• Exercise description: Return the lines of the listing below exactly as they appear, beginning at the one with "Austrian Dachstein Mountains" and stopping after the one with "This photo taken"; do not include pictures.

• Recorded information:

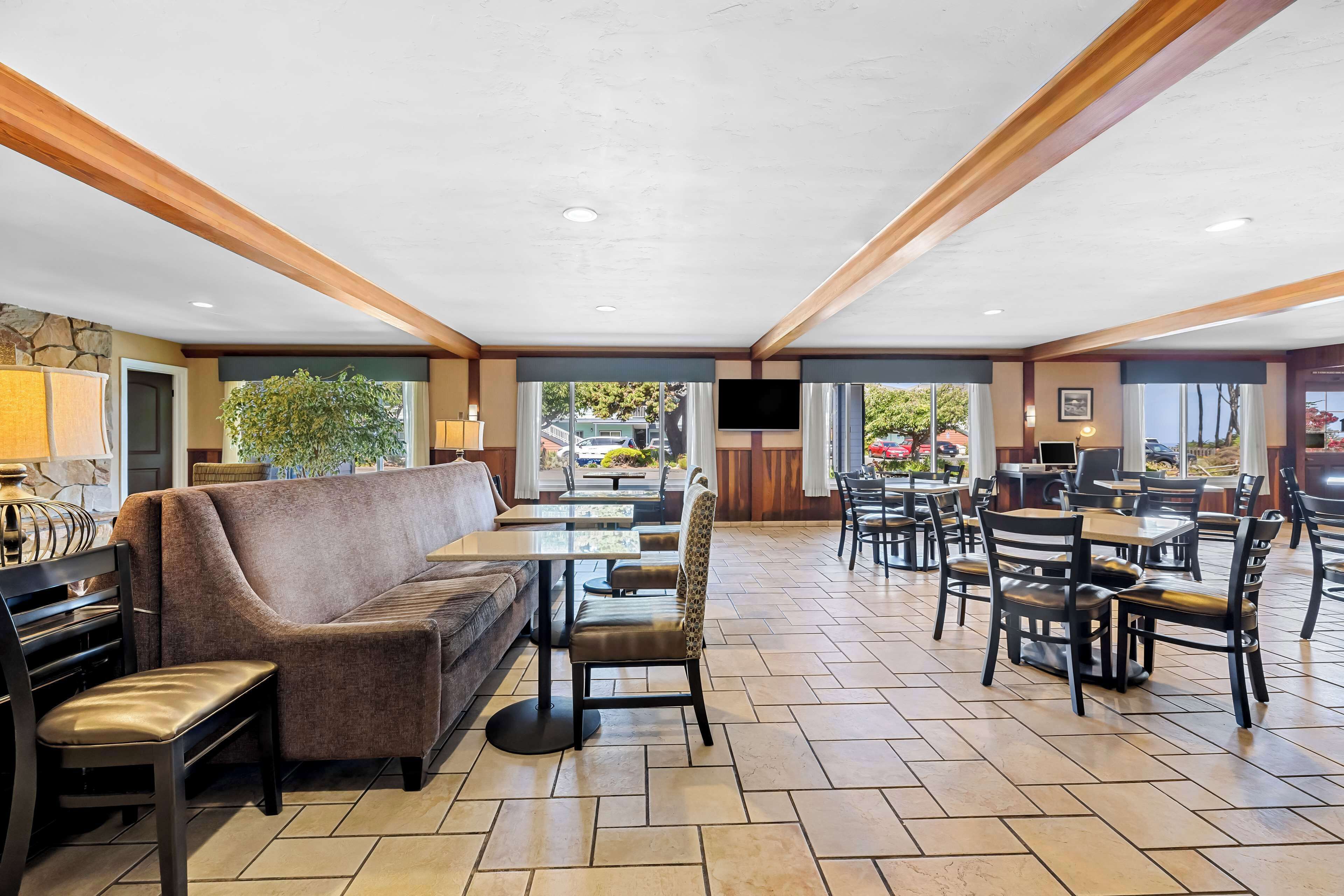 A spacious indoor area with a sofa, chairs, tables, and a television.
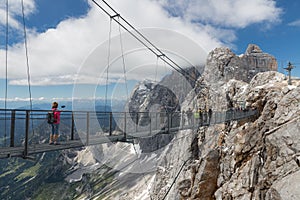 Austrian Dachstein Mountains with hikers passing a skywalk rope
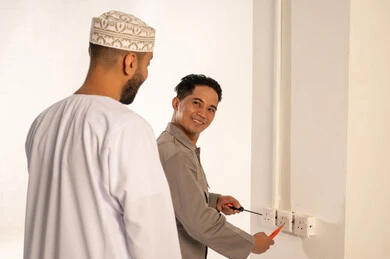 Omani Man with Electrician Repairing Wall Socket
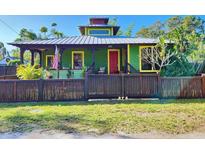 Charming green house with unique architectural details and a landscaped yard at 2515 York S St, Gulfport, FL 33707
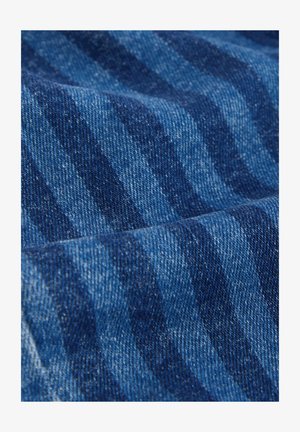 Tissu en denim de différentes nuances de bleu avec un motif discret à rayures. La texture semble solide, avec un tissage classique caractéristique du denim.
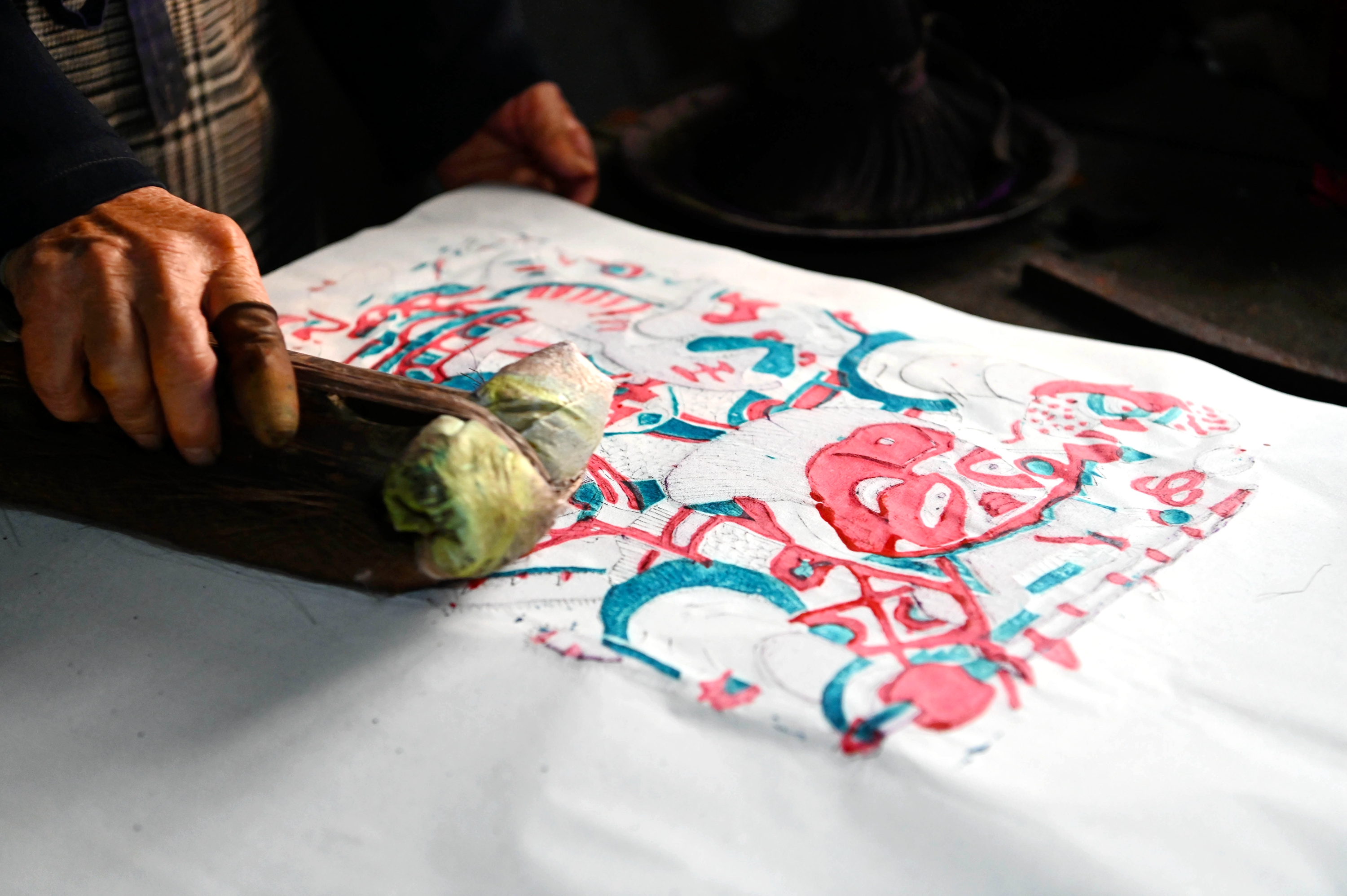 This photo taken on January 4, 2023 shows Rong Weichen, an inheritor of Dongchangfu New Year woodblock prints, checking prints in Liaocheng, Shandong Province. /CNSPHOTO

...

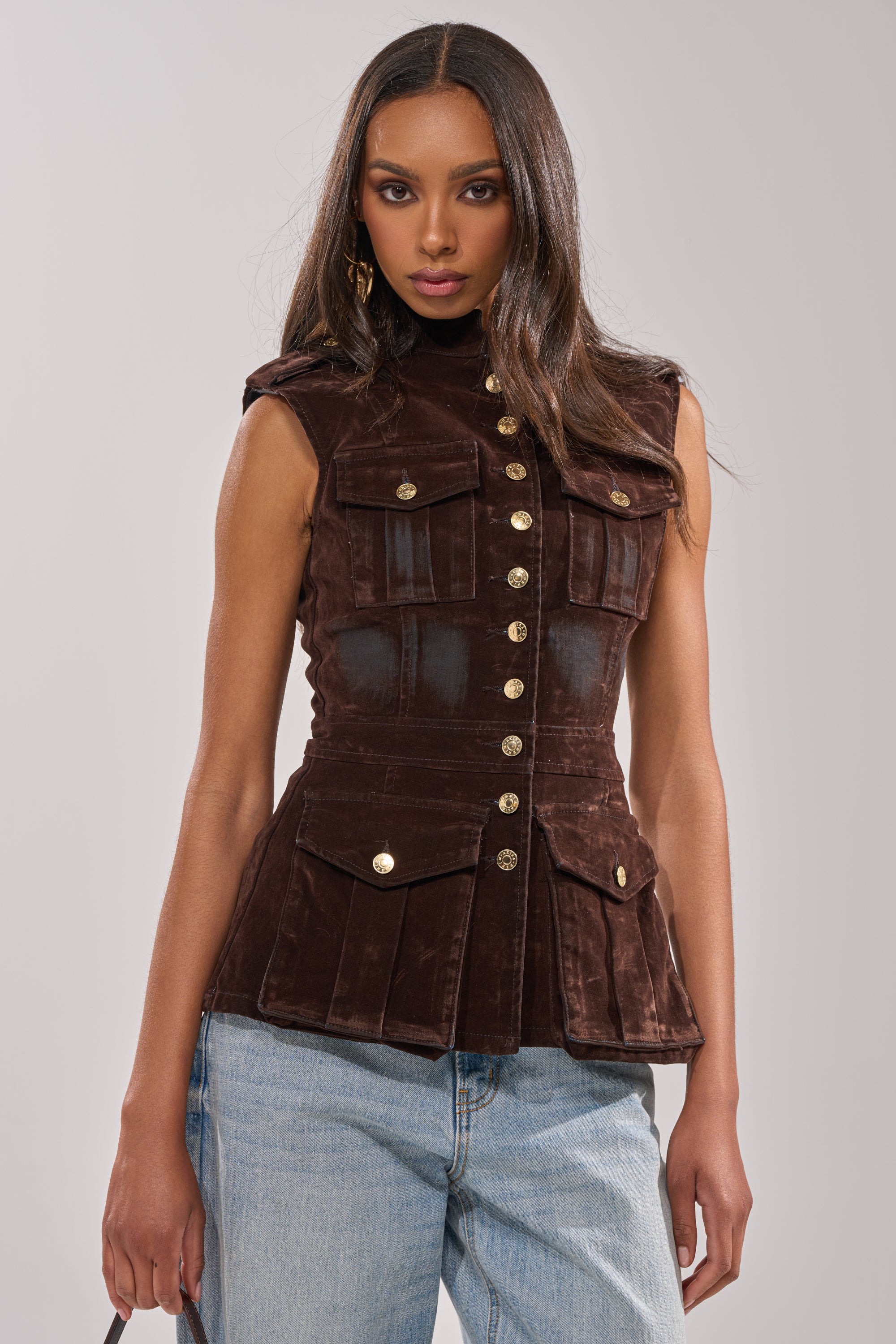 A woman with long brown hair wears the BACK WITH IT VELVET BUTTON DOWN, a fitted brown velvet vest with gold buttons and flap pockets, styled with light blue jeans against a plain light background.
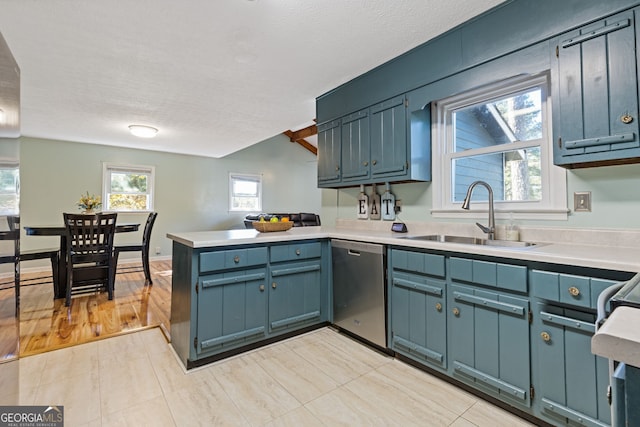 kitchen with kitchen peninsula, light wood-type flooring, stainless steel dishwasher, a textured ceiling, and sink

...

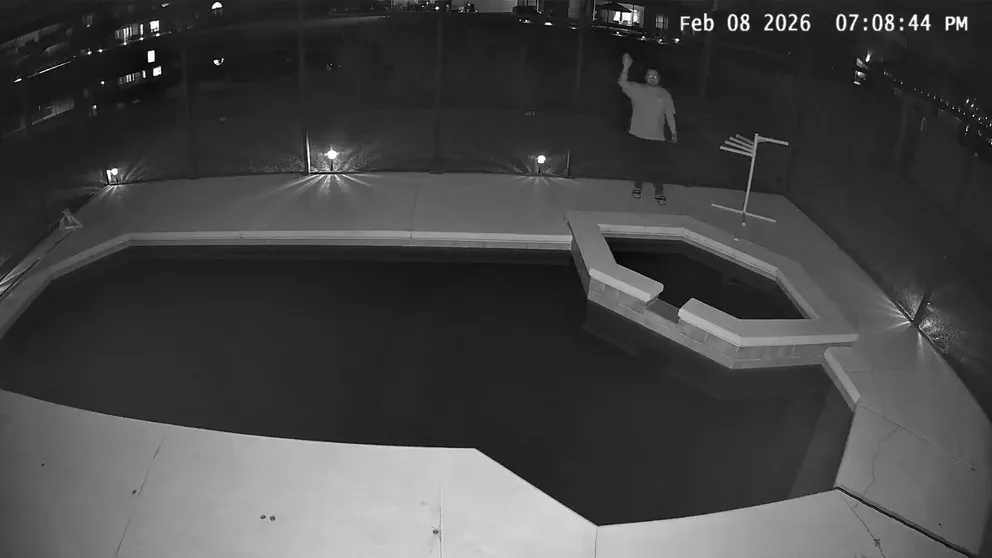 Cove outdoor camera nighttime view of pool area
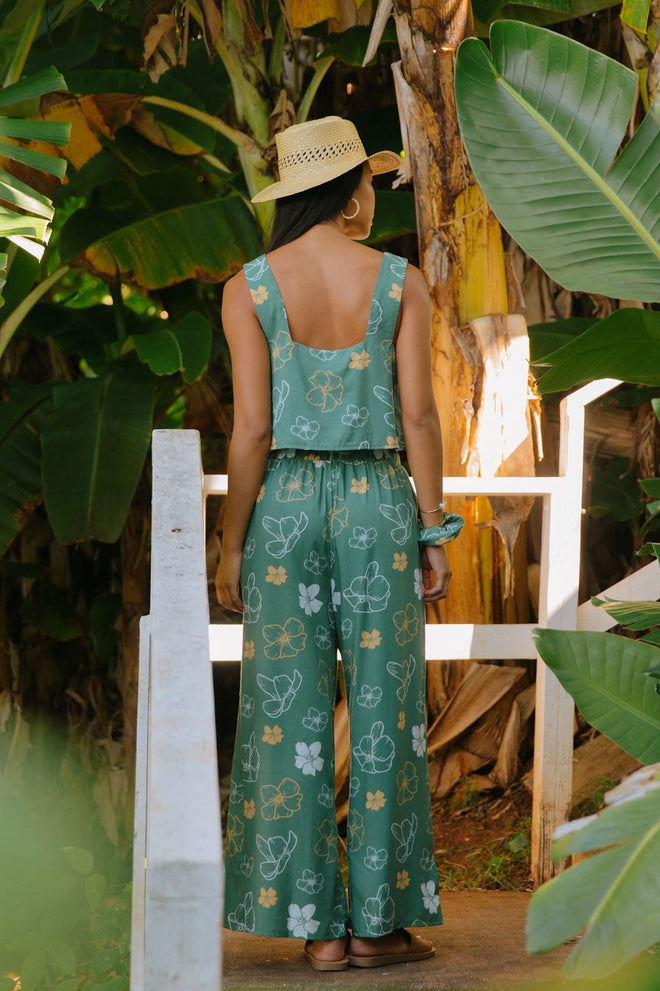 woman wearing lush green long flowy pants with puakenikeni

• Reply to the exercise:
 Austrian Dachstein Mountains with hikers passing a skywalk rope
 Omani Man with Electrician Repairing Wall Socket
 Charming green house with unique architectural details and a landscaped yard at 2515 York S St, Gulfport, FL 33707
 Tissu en denim de différentes nuances de bleu avec un motif discret à rayures. La texture semble solide, avec un tissage classique caractéristique du denim.
 This photo taken on January 4, 2023 shows Rong Weichen, an inheritor of Dongchangfu New Year woodblock prints, checking prints in Liaocheng, Shandong Province. /CNSPHOTO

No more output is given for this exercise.